4.3 Hoisted Buffer Allocation (V1)

Before: std::vector<float> detBlob; declared inside loop → heap alloc/free every frame.

After: Declared before loop with reserve(). Inside loop: clear() resets size without freeing memory.

5. OS-Level Tuning

5.1 ONNX Runtime Session Configuration

Configuration	Mean Latency	vs Baseline	Jitter	Verdict
No Graph Opt (Level 0)	637.4 ms	+3.9%	48.3 ms	Rejected
Extended (Level 2)	613.7 ms	Baseline	33.4 ms	Default
All Fused (Level 99)	554.9 ms	−9.6%	62.4 ms	Best Speed
All + Pin Thread	644.1 ms	+4.9%	260.1 ms	Rejected
No Arena Allocator	627.2 ms	+2.2%	44.2 ms	Rejected

5.2 Memory Architecture

Arena Allocator: ONNX Runtime pre-reserves a memory pool at startup.
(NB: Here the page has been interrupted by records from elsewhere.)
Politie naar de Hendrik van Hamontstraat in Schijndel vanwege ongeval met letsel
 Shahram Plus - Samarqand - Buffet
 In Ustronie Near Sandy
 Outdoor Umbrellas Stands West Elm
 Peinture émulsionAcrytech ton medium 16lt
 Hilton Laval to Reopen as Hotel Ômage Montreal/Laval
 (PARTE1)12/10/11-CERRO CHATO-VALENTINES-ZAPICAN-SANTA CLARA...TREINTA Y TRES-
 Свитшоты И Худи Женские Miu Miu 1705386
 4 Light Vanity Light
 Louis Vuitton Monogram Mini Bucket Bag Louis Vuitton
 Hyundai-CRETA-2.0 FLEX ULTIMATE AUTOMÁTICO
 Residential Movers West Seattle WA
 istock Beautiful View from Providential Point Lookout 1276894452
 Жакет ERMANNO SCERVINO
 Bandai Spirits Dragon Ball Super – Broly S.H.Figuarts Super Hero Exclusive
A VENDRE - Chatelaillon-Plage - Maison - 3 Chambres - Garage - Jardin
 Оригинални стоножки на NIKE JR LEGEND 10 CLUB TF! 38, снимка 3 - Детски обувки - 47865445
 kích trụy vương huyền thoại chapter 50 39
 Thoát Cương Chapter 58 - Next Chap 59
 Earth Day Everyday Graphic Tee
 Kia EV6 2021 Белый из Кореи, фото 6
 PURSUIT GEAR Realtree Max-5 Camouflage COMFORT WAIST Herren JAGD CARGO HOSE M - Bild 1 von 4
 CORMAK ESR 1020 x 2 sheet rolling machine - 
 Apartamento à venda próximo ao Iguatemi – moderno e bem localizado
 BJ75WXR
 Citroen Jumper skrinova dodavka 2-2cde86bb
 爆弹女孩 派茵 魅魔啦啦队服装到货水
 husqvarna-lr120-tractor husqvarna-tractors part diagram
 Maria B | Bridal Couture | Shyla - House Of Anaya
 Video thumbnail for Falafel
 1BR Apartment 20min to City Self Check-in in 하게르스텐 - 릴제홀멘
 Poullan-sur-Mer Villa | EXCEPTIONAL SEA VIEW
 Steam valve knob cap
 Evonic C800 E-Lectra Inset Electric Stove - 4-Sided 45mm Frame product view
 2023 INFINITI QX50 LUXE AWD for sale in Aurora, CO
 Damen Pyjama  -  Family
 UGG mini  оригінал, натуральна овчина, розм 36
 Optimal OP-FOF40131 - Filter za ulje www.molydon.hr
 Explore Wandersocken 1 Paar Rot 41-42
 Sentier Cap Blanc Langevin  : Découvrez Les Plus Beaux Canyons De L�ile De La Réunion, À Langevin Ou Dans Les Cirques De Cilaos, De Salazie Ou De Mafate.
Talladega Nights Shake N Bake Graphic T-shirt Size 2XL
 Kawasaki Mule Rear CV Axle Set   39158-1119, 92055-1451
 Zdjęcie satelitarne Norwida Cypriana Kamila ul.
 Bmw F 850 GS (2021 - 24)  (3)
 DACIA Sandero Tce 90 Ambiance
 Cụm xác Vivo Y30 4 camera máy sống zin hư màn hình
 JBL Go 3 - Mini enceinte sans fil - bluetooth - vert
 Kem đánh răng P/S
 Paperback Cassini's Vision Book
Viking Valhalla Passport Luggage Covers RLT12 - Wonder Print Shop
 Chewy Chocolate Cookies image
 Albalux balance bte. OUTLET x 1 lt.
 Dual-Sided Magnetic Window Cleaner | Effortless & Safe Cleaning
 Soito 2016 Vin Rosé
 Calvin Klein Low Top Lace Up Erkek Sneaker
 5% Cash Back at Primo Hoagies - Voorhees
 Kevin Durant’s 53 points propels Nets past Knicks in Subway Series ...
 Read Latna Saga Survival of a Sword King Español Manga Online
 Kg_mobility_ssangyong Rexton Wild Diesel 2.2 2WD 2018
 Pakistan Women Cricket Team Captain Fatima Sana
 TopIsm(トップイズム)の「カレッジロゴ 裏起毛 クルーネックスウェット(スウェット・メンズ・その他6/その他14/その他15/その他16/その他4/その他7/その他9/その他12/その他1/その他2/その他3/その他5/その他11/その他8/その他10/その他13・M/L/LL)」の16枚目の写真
Disabling it caused 2.2% latency increase from repeated OS-level malloc/free calls.
Hoisted Allocation: Reduced per-frame heap allocations from ~14 to 0.
Zero-Copy IoBinding: Eliminates internal memcpy — critical when working set exceeds L2 cache.

5.3 OS Scheduler Interaction

SetThreadAffinityMask(GetCurrentThread(), 1) was tested and rejected. On a 2-core system, forcing inference to core 0 competes with Windows kernel threads, causing 7.8× worse jitter (260 ms vs 33 ms).

6. Benchmark Results

All experiments benchmarked across COCO val2017 (5,000 images) with the built-in CSV logger.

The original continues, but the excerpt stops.